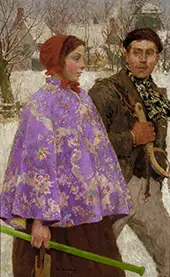 Skaters 1892 By Gari Melchers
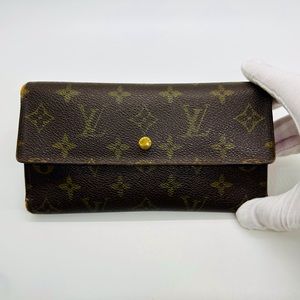 Louis Vuitton Long Monogram Wallet LV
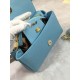 410 Small, high-end product [Dolce Gabbana] crossbody women's bag ➰Delicate handmade, classic style, solid color versatile, favorite of many celebrities, crossbody, mirror, overseas purchasing special products!Imported palm-print cowhide with original har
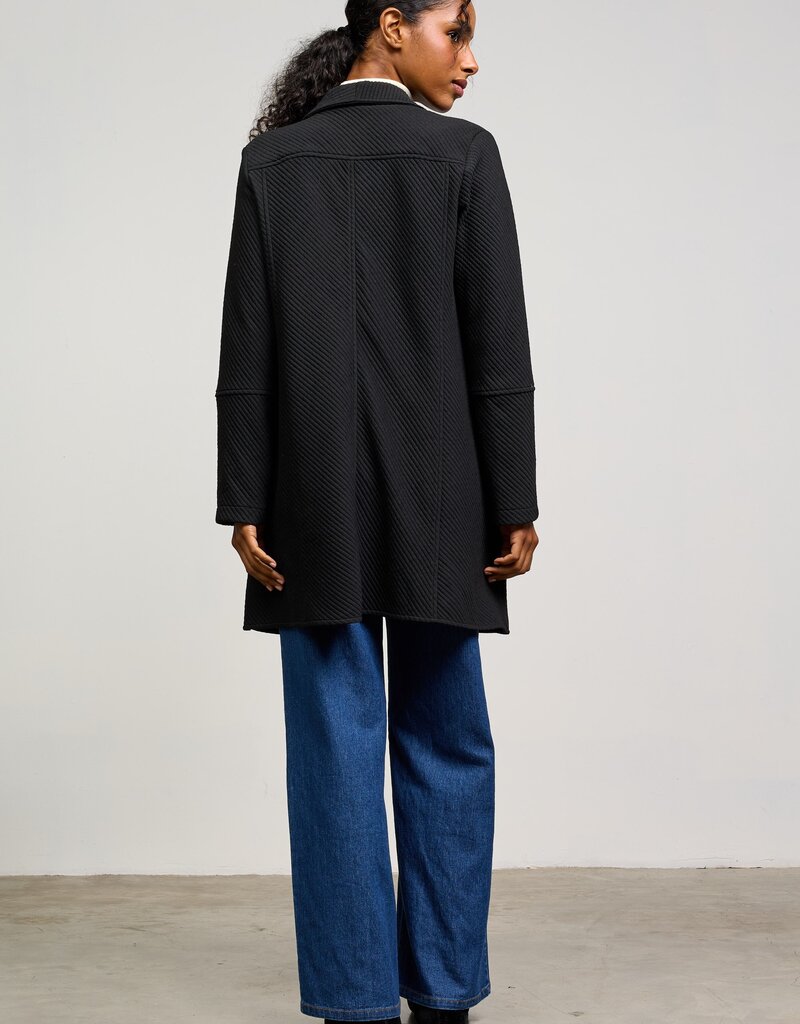 509 Broadway Open Front Quilted Jacket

> Exercise
All that is required is an exact reproduction of the lines from the one containing "410 Small, high-end" to the final line of the listing above, pictures omitted.

> Completed task
 410 Small, high-end product [Dolce Gabbana] crossbody women's bag ➰Delicate handmade, classic style, solid color versatile, favorite of many celebrities, crossbody, mirror, overseas purchasing special products!Imported palm-print cowhide with original har
 509 Broadway Open Front Quilted Jacket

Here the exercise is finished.